1 : Introduction 2 : Configuration du test 3 : Avec ou sans V-Sync ? 4 : Faut-il s’inquiéter de l’input lag ? 6 : Quelle quantité de mémoire vidéo ? (suite) 7 : La gestion thermique des cartes graphiques récentes 8 : Tests avec une limite constante de 40 dB(A) 9 : L’overclocking peut-il nuire aux performances à 40 dB(A) ?

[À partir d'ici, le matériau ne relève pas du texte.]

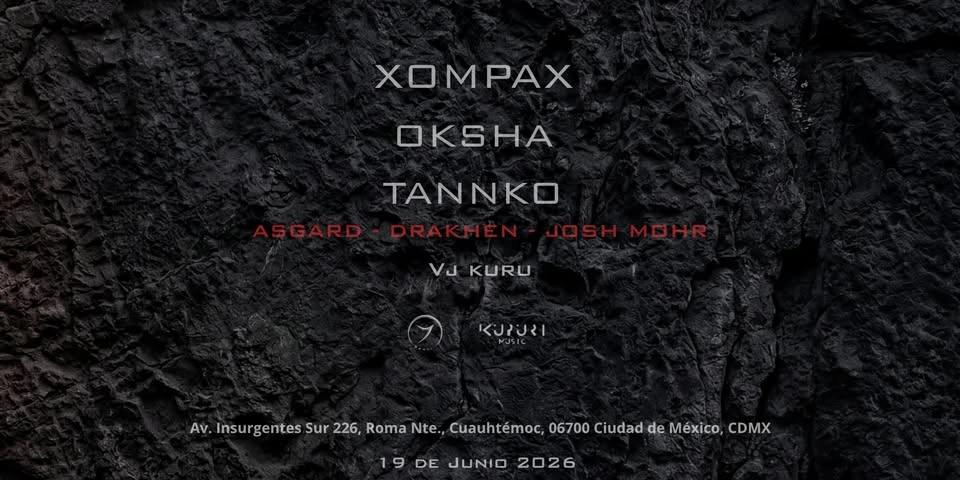 XOMPAX, OKSHA & TANNKO.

Quelle quantité de mémoire vidéo ?

La quantité de mémoire est souvent utilisée comme outil marketing par les marques, parce qu’elles savent le grand public conditionné à penser qu’il en faut autant que possible. On voit ainsi régulièrement des cartes entrée de gamme embarquer plus de mémoire qu’elles ne peuvent exploiter, mais l’immense majorité d’entre nous sait bien que, comme pour tous les autres composants d’un PC, la notion d’équilibre est primordiale.

Pour simplifier, les GPU bénéficient d’une mémoire dédiée pour ne pas répercuter la charge de travail sur la mémoire système. Plusieurs normes de mémoire sont utilisées pour les cartes graphiques, les plus courantes étant la DDR3 et la GDDR5.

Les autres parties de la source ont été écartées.